Source code for topqad_sdk.noiseprofiler.libprotocols.magic_state_preparation_rep_code

import numpy as np
from pydantic import BaseModel, field_validator, model_validator

from topqad_sdk.noiseprofiler.libprotocols.protocol_handler import (
    ProtocolHandler,
    FitSpecification,
)




class ModelMagicStatePreparationRepCode(BaseModel):
    distances: list[int]
    rounds: list[int]
    inject_state: str



    @field_validator("distances")
    @classmethod
    def is_distances(cls, distances: list[int]):
        if len(distances) != 2:
            raise ValueError("length of distances must be 2.")

        for i, value in enumerate(distances):
            if type(value) is not int or value < 3 or value % 2 == 0:
                raise ValueError(
                    "Each distance must be an odd integer greater than or equal to 3."
                )

            if i >= 1 and distances[i] < distances[i - 1]:
                raise ValueError(
                    "Each subsequent distance must be larger than the previous distance."
                )

        return distances




    @field_validator("rounds")
    @classmethod
    def is_rounds(cls, rounds: list[int]):
        if len(rounds) != 2:
            raise ValueError("length of rounds must be 2.")

        for value in rounds:
            if value < 1:
                raise ValueError(
                    "rounds must be an integer greater than or equal to 1."
                )

        return rounds




    @field_validator("inject_state")
    @classmethod
    def is_inject_state(cls, inject_state: str):
        if inject_state not in ["X", "Y"]:
            raise ValueError("inject_state can only have value 'X' or 'Y'.")

        return inject_state




    @model_validator(mode="after")
    def enforce_maximum_values(self):
        if self.distances[-1] > 15:
            raise ValueError(
                f"Simulations with `distances` = {self.distances} > 15 are not allowed."
            )
        if self.rounds[-1] > 15:
            raise ValueError(
                f"Simulations with `rounds` = {self.rounds} > 15 are not allowed."
            )

        return self




## Add observable to the protocol


class MagicStatePreparationRepCode(ProtocolHandler):
    """This protocol prepares a logical magic state.
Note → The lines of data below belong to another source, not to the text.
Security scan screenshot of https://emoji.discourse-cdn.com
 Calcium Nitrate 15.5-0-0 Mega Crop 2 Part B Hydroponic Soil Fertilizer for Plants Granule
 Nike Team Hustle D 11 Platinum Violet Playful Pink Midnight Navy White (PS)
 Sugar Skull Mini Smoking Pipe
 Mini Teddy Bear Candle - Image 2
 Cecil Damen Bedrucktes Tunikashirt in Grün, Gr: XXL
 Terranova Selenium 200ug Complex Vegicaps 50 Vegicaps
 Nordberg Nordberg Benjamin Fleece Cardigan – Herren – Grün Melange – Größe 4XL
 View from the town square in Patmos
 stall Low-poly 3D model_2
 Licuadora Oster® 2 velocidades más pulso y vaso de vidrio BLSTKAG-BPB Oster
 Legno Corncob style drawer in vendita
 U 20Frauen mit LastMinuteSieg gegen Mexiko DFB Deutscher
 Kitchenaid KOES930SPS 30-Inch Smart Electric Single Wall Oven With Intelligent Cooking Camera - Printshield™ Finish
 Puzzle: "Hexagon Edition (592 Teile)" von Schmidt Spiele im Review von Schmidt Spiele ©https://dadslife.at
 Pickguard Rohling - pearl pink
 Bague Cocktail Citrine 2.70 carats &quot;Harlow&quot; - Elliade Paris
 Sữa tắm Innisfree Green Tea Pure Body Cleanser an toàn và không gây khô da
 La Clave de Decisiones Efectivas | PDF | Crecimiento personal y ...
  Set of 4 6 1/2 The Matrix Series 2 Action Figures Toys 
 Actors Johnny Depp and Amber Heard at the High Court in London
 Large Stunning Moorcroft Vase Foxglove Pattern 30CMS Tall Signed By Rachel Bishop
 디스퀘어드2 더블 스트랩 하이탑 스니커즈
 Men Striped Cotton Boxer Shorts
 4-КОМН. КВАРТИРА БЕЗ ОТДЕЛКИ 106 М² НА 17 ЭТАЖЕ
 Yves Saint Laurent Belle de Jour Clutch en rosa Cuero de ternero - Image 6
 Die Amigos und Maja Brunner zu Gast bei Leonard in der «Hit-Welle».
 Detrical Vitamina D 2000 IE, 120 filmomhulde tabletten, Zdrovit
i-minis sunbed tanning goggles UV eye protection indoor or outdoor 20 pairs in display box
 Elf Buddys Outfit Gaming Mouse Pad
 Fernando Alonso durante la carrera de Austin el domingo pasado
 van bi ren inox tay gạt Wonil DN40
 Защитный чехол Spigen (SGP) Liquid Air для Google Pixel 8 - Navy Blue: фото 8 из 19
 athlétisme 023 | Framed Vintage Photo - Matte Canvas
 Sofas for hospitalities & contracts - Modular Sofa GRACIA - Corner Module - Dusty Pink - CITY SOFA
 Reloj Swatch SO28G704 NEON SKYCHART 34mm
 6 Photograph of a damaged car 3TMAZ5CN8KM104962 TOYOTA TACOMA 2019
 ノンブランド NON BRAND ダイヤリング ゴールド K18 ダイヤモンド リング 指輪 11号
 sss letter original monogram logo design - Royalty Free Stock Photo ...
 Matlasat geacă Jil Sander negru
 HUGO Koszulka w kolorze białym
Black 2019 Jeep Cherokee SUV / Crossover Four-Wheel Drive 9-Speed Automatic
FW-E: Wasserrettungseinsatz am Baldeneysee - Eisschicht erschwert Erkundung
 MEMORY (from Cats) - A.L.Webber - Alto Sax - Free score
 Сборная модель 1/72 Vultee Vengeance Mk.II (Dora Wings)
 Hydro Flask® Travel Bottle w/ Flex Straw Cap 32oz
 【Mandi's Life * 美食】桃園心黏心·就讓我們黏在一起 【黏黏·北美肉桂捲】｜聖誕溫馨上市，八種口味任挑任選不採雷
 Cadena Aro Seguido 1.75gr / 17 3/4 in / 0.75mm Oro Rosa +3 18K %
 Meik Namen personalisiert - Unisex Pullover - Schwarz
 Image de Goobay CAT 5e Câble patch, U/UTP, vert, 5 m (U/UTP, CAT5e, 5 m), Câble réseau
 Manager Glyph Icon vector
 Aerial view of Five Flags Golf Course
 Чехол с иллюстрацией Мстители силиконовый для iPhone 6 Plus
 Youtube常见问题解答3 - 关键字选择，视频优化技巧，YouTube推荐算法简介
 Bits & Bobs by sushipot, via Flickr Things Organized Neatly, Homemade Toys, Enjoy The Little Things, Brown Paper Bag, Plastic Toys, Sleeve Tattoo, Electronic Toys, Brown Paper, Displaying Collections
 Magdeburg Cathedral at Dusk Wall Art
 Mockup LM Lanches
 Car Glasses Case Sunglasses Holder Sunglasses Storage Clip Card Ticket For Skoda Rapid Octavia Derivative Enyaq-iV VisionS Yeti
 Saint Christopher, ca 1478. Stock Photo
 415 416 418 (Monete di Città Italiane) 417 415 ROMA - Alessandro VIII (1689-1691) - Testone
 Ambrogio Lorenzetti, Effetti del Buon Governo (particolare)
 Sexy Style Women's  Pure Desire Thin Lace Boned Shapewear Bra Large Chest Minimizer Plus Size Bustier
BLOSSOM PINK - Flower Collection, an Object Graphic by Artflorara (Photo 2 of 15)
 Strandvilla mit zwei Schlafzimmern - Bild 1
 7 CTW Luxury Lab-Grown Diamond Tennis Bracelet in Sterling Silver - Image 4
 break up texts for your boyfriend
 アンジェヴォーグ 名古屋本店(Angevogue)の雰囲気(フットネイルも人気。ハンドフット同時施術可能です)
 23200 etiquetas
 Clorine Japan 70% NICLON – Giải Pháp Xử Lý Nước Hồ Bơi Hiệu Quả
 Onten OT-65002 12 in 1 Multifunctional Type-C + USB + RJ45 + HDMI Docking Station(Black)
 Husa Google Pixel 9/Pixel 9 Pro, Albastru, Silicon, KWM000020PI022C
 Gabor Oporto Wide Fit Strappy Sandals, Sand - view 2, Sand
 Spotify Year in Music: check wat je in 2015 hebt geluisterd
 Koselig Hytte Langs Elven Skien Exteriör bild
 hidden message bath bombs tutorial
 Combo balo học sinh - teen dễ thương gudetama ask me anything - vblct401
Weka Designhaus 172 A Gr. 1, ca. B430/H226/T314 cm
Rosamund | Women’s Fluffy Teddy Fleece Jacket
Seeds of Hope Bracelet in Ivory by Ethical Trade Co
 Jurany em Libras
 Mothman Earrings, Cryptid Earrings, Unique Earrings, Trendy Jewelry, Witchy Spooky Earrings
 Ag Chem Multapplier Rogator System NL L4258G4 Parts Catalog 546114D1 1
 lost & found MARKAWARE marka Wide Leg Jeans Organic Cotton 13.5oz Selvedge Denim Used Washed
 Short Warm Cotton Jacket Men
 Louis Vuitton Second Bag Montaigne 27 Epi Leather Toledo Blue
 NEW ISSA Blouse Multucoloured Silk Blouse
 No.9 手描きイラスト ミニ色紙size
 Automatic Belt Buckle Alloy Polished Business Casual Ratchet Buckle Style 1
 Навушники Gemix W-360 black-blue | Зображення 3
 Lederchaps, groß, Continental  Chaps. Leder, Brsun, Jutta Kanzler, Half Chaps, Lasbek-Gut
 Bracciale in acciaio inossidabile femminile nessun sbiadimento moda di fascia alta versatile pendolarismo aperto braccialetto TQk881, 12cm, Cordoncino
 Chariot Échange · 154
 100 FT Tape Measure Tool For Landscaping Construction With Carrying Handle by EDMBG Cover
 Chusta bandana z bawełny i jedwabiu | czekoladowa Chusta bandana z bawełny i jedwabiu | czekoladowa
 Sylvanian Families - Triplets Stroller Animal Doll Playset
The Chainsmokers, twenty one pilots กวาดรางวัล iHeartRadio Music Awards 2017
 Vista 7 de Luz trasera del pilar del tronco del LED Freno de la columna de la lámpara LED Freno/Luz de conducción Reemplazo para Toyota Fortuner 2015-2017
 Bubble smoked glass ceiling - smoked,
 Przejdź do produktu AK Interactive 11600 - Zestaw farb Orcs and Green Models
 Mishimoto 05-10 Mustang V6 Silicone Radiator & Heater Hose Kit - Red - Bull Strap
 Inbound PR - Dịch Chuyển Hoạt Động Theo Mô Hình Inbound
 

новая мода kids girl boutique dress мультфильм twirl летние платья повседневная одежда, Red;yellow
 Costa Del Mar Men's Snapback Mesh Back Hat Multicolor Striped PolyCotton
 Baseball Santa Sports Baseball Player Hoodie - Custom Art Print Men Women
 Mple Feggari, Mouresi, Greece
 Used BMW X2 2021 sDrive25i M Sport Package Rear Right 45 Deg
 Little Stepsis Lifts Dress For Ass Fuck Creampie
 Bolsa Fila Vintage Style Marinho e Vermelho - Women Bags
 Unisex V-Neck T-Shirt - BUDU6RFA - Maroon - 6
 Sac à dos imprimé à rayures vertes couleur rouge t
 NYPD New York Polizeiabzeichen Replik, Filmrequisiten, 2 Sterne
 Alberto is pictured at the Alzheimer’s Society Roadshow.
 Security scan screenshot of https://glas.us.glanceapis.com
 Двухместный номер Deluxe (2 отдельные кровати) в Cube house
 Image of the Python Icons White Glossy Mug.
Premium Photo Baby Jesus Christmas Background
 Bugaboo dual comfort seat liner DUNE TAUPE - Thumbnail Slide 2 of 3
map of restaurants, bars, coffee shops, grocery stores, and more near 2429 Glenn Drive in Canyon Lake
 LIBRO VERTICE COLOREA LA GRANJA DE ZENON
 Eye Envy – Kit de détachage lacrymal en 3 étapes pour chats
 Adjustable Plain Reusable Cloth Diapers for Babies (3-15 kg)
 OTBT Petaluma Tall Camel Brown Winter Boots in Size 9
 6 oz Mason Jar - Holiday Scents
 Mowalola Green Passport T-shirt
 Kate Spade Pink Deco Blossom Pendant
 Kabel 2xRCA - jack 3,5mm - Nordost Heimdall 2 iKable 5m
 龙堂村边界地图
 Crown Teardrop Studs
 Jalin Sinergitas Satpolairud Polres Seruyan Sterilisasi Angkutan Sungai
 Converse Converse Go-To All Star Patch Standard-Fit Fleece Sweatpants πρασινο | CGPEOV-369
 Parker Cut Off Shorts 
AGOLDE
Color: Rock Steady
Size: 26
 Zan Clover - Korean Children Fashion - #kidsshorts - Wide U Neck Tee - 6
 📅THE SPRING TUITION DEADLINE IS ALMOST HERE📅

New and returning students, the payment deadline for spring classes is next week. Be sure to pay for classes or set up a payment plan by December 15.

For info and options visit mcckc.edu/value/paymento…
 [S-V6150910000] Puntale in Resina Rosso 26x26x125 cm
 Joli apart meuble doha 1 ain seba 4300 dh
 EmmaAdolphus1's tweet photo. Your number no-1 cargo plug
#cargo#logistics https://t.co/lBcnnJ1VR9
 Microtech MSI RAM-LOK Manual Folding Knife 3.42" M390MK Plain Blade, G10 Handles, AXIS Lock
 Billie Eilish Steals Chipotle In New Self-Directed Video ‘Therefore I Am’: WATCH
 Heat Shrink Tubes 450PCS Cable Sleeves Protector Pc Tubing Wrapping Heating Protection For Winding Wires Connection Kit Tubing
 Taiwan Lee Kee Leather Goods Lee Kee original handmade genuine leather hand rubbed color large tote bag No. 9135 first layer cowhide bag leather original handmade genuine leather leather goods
It is inspired by Ref. [1]. Unlike in Ref. [1], this implementation
    is on the CSS rotated surface code with odd distances. This protocol has two stages. First a two-qubit repetition
    code is created and its state is rotated with the aid of a two-qubit rotation gate to create a logical magic state.
    Next, the repetition code is deformed/expanded into a surface code patch. If, during this expansion, any of the
    detectors trigger, the protocol is restarted. In the second stage, the logical state is grown to some final desired
    distance.

    In this implementation, an analogous protocol is constructed suitable for simulation on a Clifford simulator.
    Instead of creating a logical $T$ state, a logical $X$ or $Y$ state is created.

    ### References

    [1] Singh et al., High-Fidelity Magic-State Preparation with a Biased-Noise Architecture, Phys. Rev. A 105, 052410 (2022)
    """

    protocol_category: str = "magic_state_preparation_unit"
    protocol_subcategory: str = "two-stage"
    protocol_name: str = "magic_state_preparation_rep_code"
    protocol_parameters: BaseModel = ModelMagicStatePreparationRepCode
    includes_postselection: bool = True

    fit_options: dict[tuple[str, str], FitSpecification] = {
        (("distances", 1), "ler"): FitSpecification(
            fit_ansatz="p_0 + p_1*d_2",
            param_bounds=([-np.inf, -np.inf], [np.inf, np.inf]),
            y_scale="linear",
            fit_ansatz_latex=r"{p_0} + {p_1}*d_2",
            ind_math_symbol=r"d_2",
        ),
        (("distances", 0), "dr"): FitSpecification(
            fit_ansatz="p_0 + 0*d_1",
            param_bounds=([0], [np.inf]),
            y_scale="linear",
            fit_ansatz_latex=r"{p_0} + {p_1}*d",
            ind_math_symbol=r"d_1",
        ),
    }

    def __init__(self):
        """Create handler for the Magic State Preparation Rep Code protocol."""
        super().__init__()

        self.simulation_table.fields["distances"].full_label = "Distance"
        self.simulation_table.fields["rounds"].full_label = "Rounds"
        self.simulation_table.fields["inject_state"].full_label = "Injection State"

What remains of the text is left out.